Parmi les difficultés de l'étude du karst, la première à se poser est celle de la définition du régime hydrologique endokarstique. S'opposent les concepts de rivières souterraines, explorées par les spéléologues, et de nappes, correspondant à ce réseau noyé alimentant les lacs qui occupent le fond de certains poljes. Cette difficulté se combine avec l'autre question posée par le creusement des conduits souterrains : par érosion mécanique ou par corrosion chimique ? Autrement dit, le problème de la spéléogenèse est posé dès cette époque.
Ce dernier point suscite, dès 1893, dans la salle de réunion de la Société belge de Géologie, de Paléontologie et d'Hydrologie, une controverse qui se poursuivra jusqu'en 1900. Des idées, qui redeviendront d'actualité en 1930, sont alors esquissées (Shaw, 1979, p.240, et al.).
Un autre élève de Penck, A. Grund (1875-1914), étudie les karsts d'Europe centrale depuis 1894. En 1903, il publie "Die Karsthydrographie", ouvrage dans lequel il admet l'existence dans le karst d'un niveau aquifère unique, la Grundwasser, correspondant à une nappe stagnante dans sa plus grande partie. Les cavernes résulteraient du mouvement latéral des eaux dans les parties hautes et périphériques de la zone noyée. Cvijic' et les spéléologues, E.A. Martel, Katzer, etc., refusent d'emblée cette conception, en désaccord apparent avec l'observation directe des rivières souterraines.

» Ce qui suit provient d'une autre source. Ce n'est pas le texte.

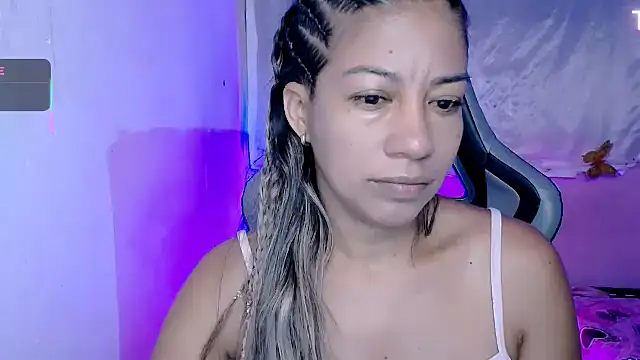 ninatiny online show from 13, 10, 2025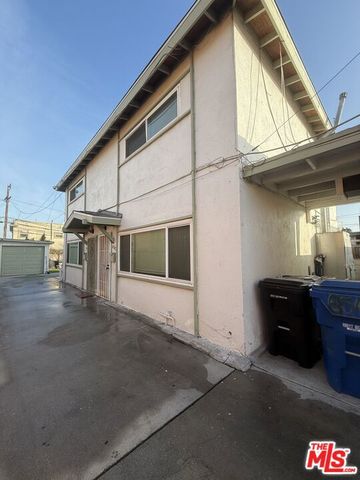 6544 S Victoria Avenue, Los Angeles, CA 90043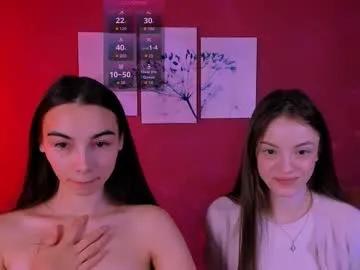 mia_starrr_ on Chaturbate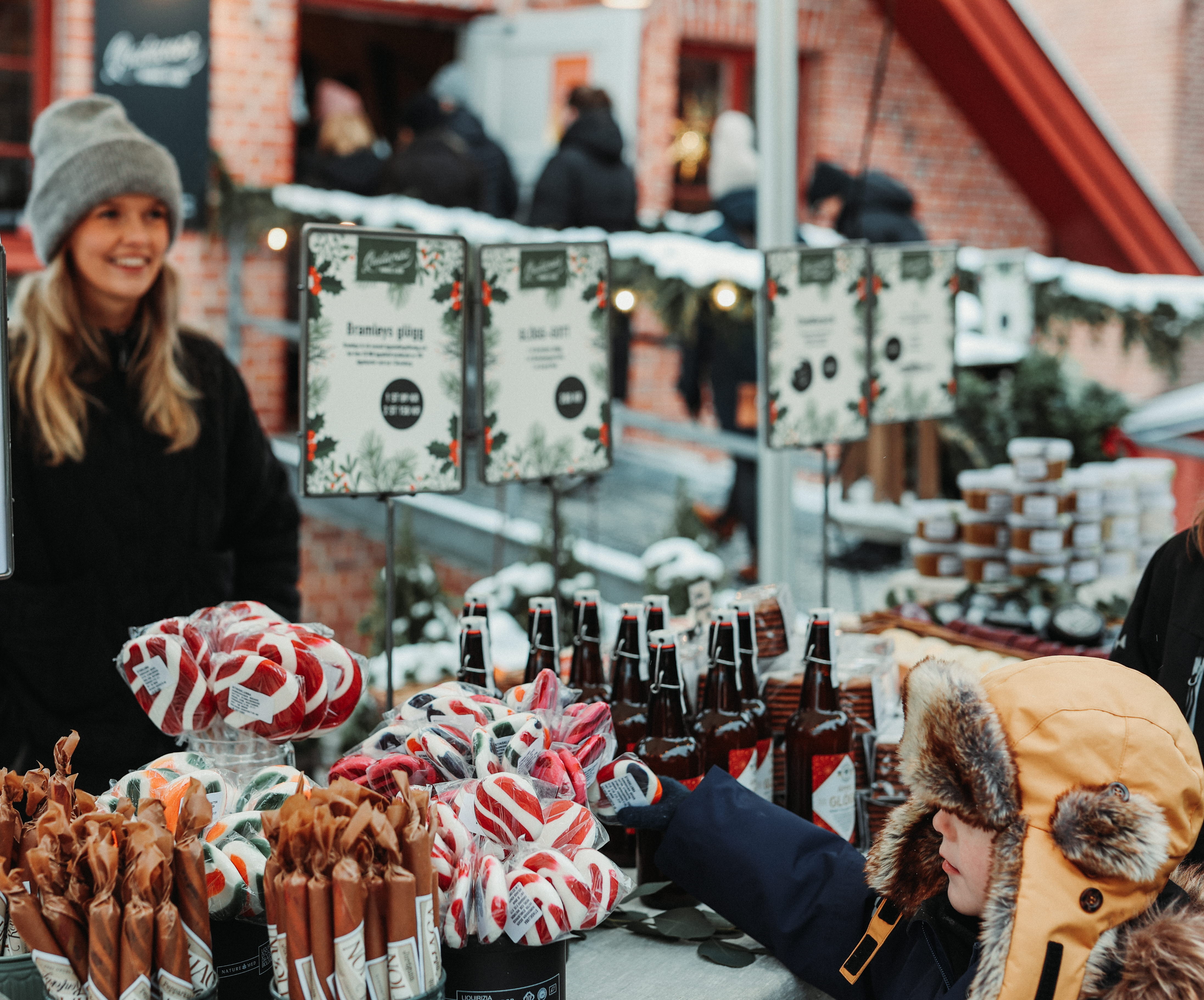 julmarknad med försäljning av godis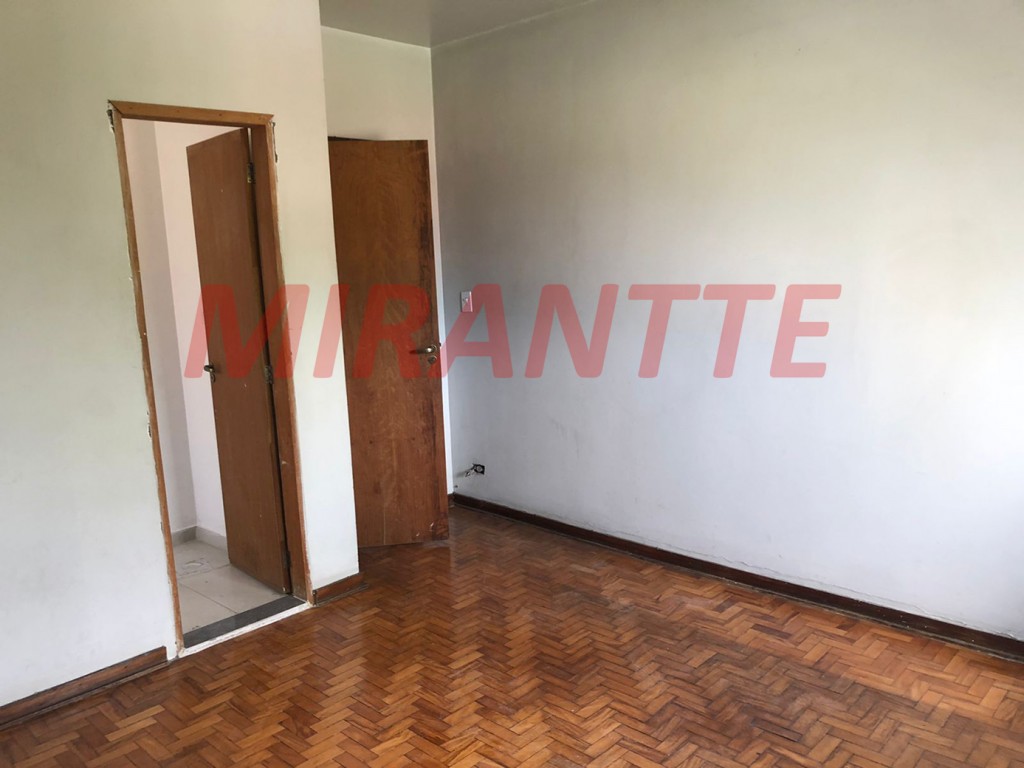 Sobrado de 260m² com 4 quartos em Santana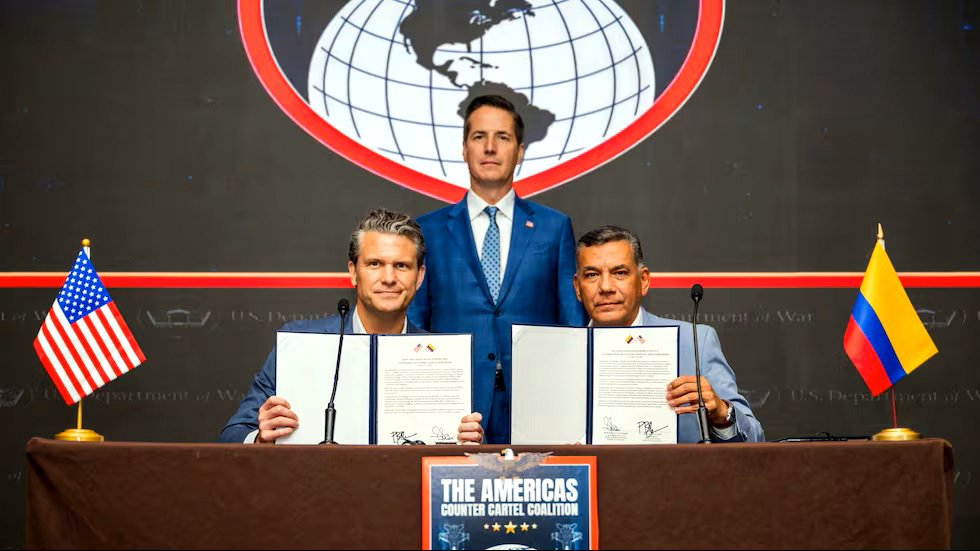 Estados Unidos anuncia que Colombia le autoriza a realizar operativos militares en su territorio “para combatir el terrorismo”.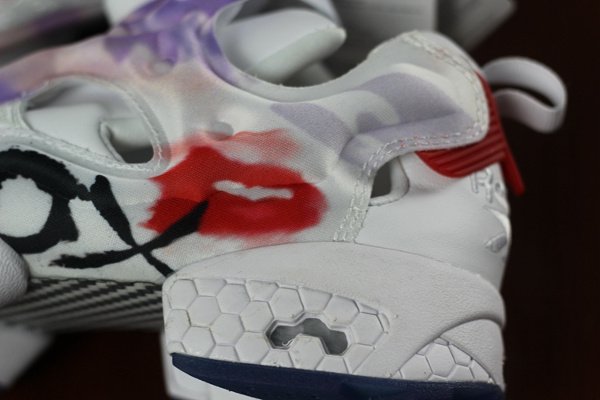 Reebok Insta Pump Fury T Celebrate Valentine Day s (6)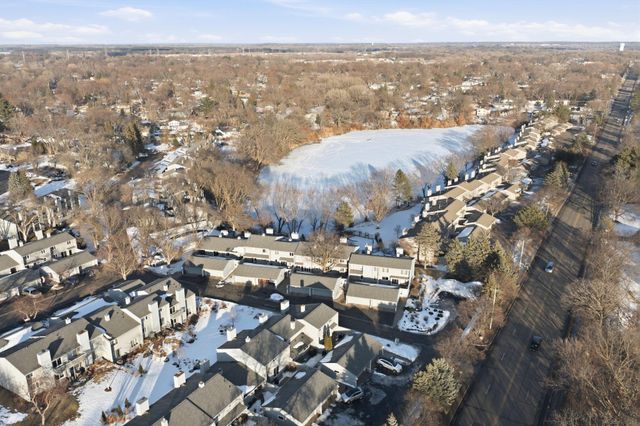 2648 Mackubin Street, Roseville, MN 55113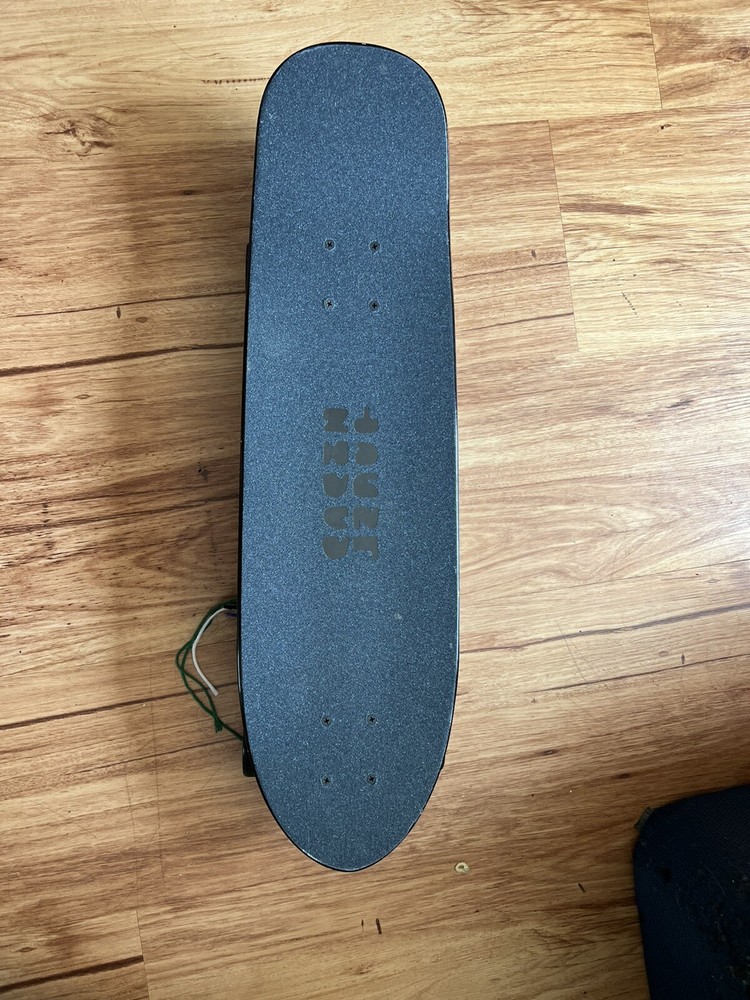 longboard skateboard cruiser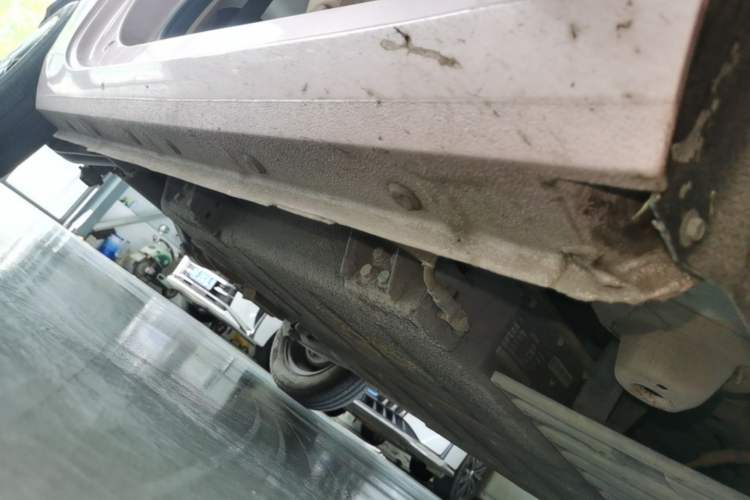 Used Geely Galaxy Panda 2024 Panda Mini 200km Endurance Bear Right Side Sill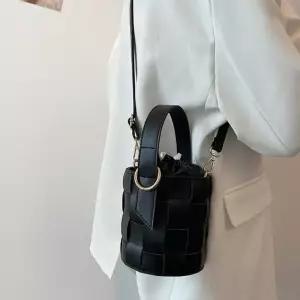 체크격자 데일리 우븐랩 버킷백 여성가방 크로스백 토트백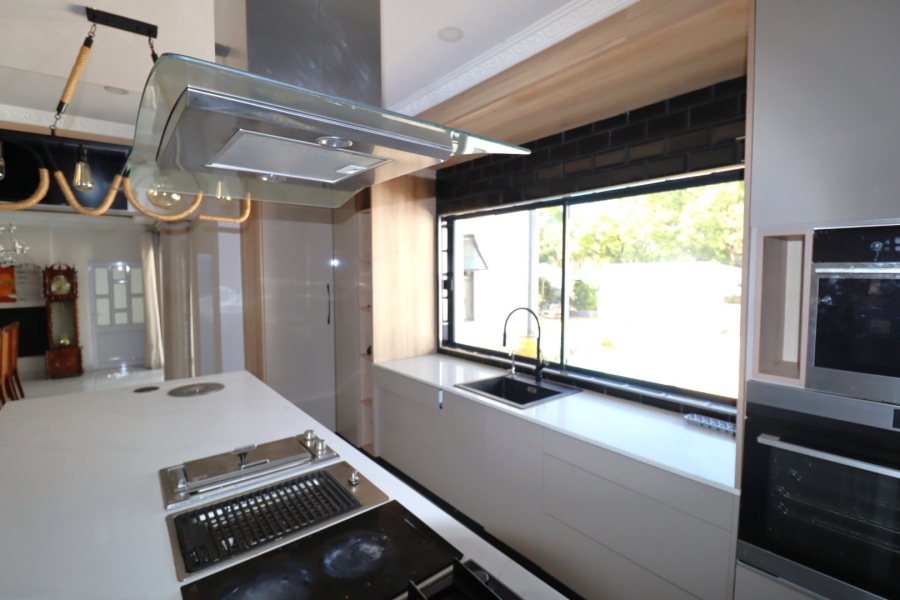 5 Bedroom Property for Sale in Waterkloof Ridge Gauteng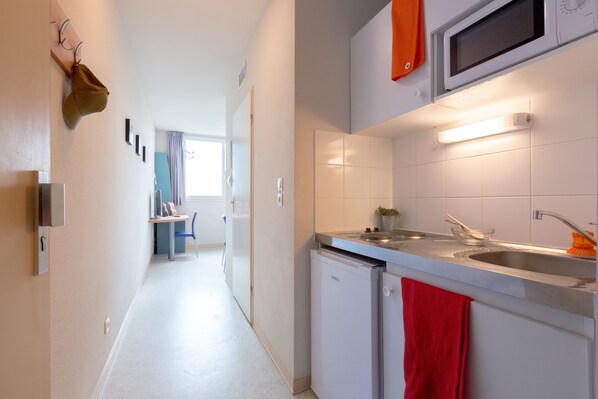 Kühlschrank, Mikrowelle, Wasserkocher mit Kaffee-/Teezubehör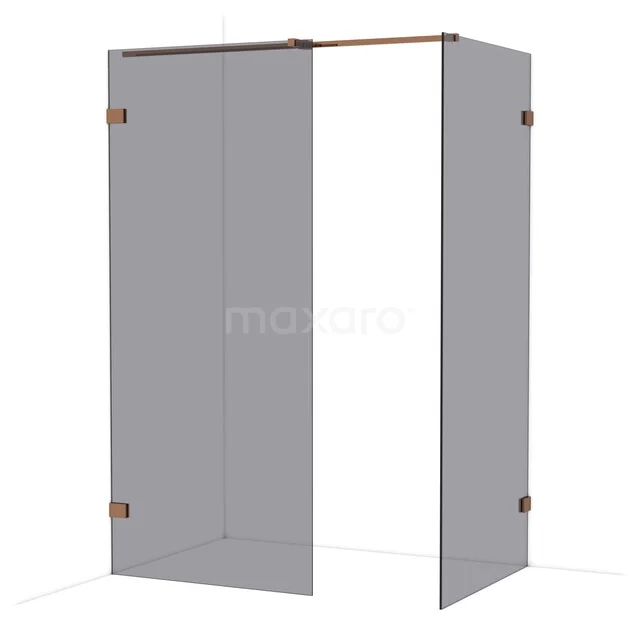 Douchewand van helder glas met stijlvolle messing accenten, modern ontwerp voor een luxe badkamerafscheiding.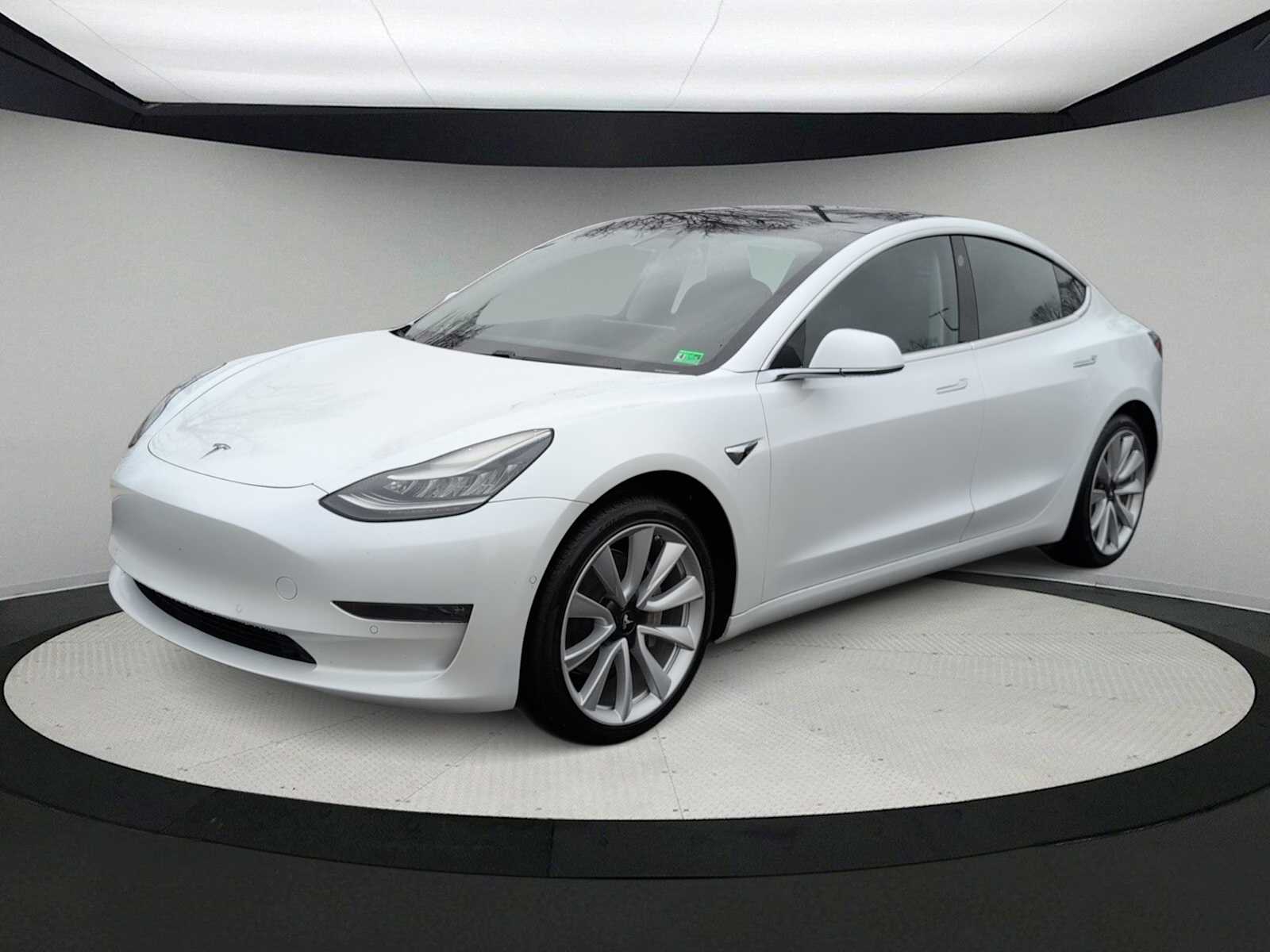 Thumbnail: 2019 Tesla Model 3 - 4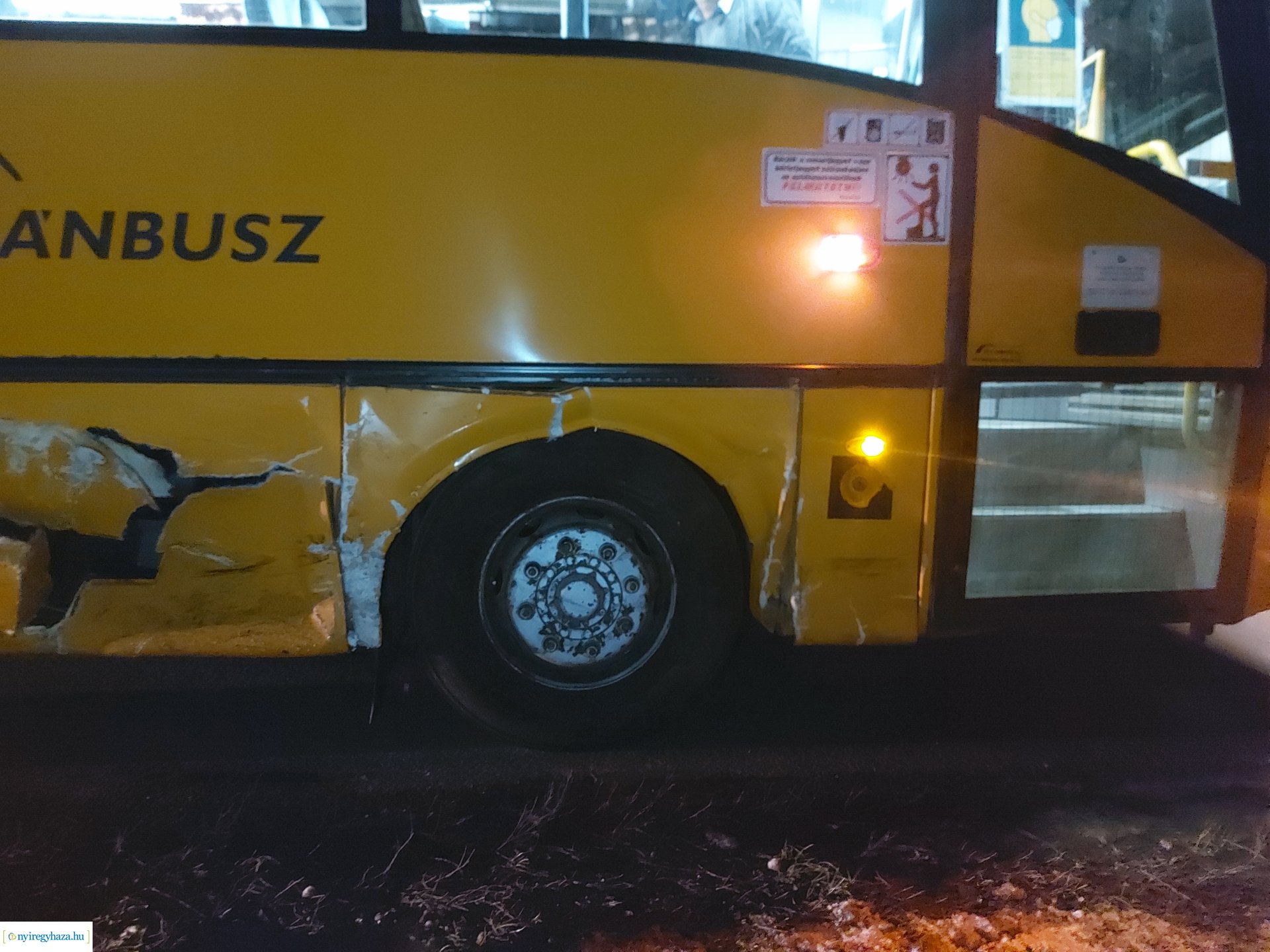 Autóbusz és személygépjármű ütközött péntek este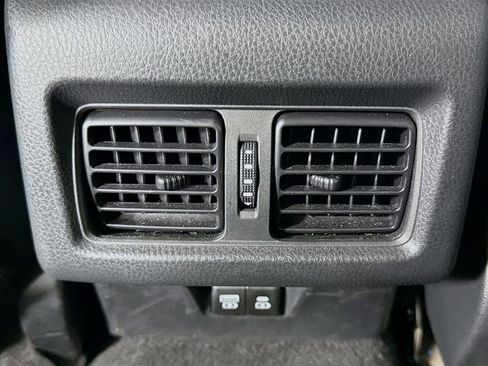 Certified 2025 Toyota Camry SE image 23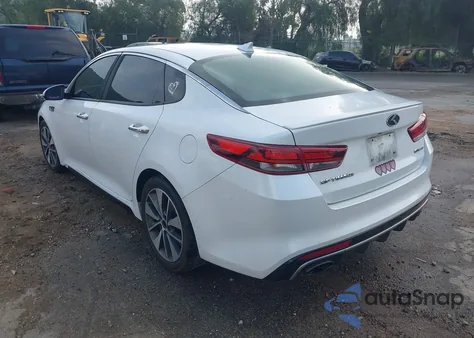 2016 Kia Optima Sx Turbo z USA, uszkodzony, nr VIN 5XXGW4L20GG064288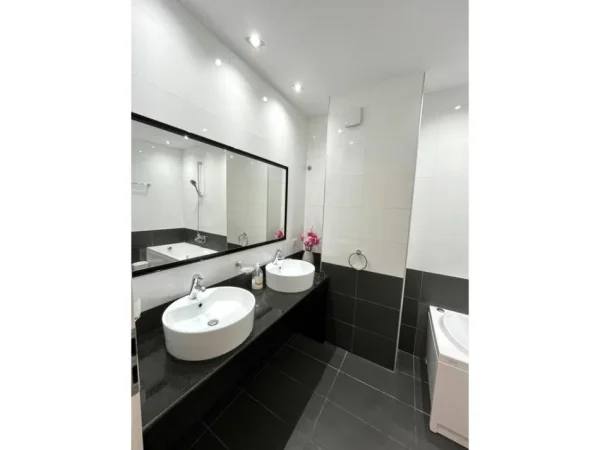 Tirane, shitet apartament 3+1+Aneks+Ballkon Kati 1, 260 m² 650.000 € (Rezidenca “Touch of Sun”)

Nous serons bref, le sujet ayant déjà été traité (Gèze, 1985) et nous nous contenterons d'insister sur quelques points particuliers. La personnalité marquante d'E.A. Martel, ami de Cvijic', explorateur souterrain, hydrogéologue et auteur d'ouvrages qui furent des best-sellers, domine cette période.
A partir de l'observation des rivières souterraines, Martel pose le concept de percée hydrogéologique - rivière souterraine joignant une perte de rivière à une résurgence - qui restera son acquis scientifique majeur. Il esquisse une théorie spéléogénétique, inspirée de Daubrée (1887), et publiée en collaboration avec son beau-frère, Louis de Launay, Professeur de géologie à l'Ecole des Mines, dans les pages du Bulletin de la Société géologique de France en 1888.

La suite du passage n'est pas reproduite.